====== SOURCE RECORDS
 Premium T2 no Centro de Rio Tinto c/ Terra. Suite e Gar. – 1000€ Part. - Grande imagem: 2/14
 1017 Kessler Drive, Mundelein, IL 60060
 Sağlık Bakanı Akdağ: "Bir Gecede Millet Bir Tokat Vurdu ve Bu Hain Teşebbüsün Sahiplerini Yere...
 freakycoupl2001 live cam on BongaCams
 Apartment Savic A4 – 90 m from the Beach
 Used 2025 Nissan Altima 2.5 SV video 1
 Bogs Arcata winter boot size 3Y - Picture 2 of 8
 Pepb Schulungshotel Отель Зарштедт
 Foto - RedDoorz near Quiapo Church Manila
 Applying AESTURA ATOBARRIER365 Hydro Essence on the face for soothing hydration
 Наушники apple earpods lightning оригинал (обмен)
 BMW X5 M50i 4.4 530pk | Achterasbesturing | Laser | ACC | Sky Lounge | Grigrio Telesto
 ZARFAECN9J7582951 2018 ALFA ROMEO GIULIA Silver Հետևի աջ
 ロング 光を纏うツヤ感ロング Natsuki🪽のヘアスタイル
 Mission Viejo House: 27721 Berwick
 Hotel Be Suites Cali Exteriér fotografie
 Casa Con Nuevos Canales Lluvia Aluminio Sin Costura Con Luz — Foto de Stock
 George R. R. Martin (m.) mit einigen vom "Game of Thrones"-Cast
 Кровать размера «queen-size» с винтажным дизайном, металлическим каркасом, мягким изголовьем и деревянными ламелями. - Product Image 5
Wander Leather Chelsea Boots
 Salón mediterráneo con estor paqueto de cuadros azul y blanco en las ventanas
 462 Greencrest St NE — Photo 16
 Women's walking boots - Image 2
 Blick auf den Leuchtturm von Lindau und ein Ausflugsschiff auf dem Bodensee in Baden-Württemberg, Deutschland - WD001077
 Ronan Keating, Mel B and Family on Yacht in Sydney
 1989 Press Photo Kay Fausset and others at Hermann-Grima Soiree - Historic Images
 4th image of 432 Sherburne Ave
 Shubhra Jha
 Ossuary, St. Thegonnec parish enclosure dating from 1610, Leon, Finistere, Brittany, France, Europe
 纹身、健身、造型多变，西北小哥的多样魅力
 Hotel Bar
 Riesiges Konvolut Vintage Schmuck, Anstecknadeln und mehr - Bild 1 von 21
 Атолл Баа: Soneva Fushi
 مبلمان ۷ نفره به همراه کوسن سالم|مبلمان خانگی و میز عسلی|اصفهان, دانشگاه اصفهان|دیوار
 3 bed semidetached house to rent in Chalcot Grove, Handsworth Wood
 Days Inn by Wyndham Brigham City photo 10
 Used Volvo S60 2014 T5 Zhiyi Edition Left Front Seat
============
• WORK ITEM: Print exactly the lines above, between the one holding "freakycoupl2001 live cam on BongaCams" and the one holding "Foto - RedDoorz near Quiapo Church Manila", inclusive, and nothing besides.

• RESPONSE BOX:
 freakycoupl2001 live cam on BongaCams
 Apartment Savic A4 – 90 m from the Beach
 Used 2025 Nissan Altima 2.5 SV video 1
 Bogs Arcata winter boot size 3Y - Picture 2 of 8
 Pepb Schulungshotel Отель Зарштедт
 Foto - RedDoorz near Quiapo Church Manila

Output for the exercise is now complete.